Many young artists returning from their studies abroad were 'au courant' with the most modern European developments. They felt that the established members of the Academy were conservative by comparison and thus unsympathetic to their relatively radical ideas and more sophisticated attitudes toward art. One progressive group found support at the home of Richard Watson Gilder, editor of The Century Magazine, and his wife Helena de Kay Gilder. The informal gatherings at which these artists exchanged ideas about art began as early as 1874 and climaxed three years later when they formed the Society of American Artists. In great part, this development reflected the conflict between the "old guard" at the National Academy and the young rebels: conservative versus progressive, insular as opposed to cosmopolitan.

It was also prompted by the fact that there was just not enough exhibition space to accommodate the rapidly growing number of artists flocking to the city. The annual exhibitions of the Society of American Artists helped to alleviate this problem, and the Society itself provided the more progressive artists with their own forum.

A similar development took place in the spring of 1875, when it was rumored that the National Academy, due to financial difficulties, would cancel all classes until December. Students were alarmed. The Academy required them to devote the first ten weeks of each school session to drawing from the antique; so if this were true, they would not get to paint from life, their main interest, until February of the following year. Even more distressing was another rumor; if classes did resume, there might not be any instructor hired to direct them. The fact that their teacher Lemuel Wilmarth had not been asked to serve this function seemed to substantiate the story. Since there were no alternative means by which art students could engage in any formal course of study from live models, the students were particularly eager to deal with this dire situation before it was too late.
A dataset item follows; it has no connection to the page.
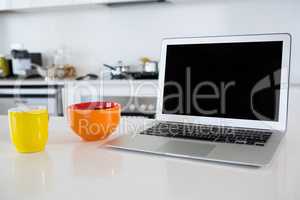 Breakfast bowl with coffee mug and laptop in kitchen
They met with Wilmarth to discuss the matter. The result of their meeting was the formation of the Art Students League. From the start, it was evident that the founding of the Art Students League was precipitated by the possible cancellation of the Academy's classes. In addition, the students were dissatisfied with the rigid and limited course of study the Academy offered. They identified, and soon aligned themselves with, those artists who would soon form the Society of American Artists (and who would later become the chief instructors at the League).

Like the National Academy, the League was established as a membership organization, but there was one major difference: unlike the Academy, where one had to be elected to a relatively small and elite group of artists, the Art Students League offered membership to any candidate with acceptable moral character and the means to pay his dues. The informal nature of the League's organization was also very different from that of the Academy.

At first, the major concern of its organizers was the continuation of life classes and the need to secure a place in which to conduct them. Modest quarters were obtained at 108 Fifth Avenue, on the corner of Sixteenth Street. These quarters consisted of one half of a room measuring twenty by thirty feet. Within a month's time, attendance had risen to approximately seventy students, and the other half of the room had to be rented as well.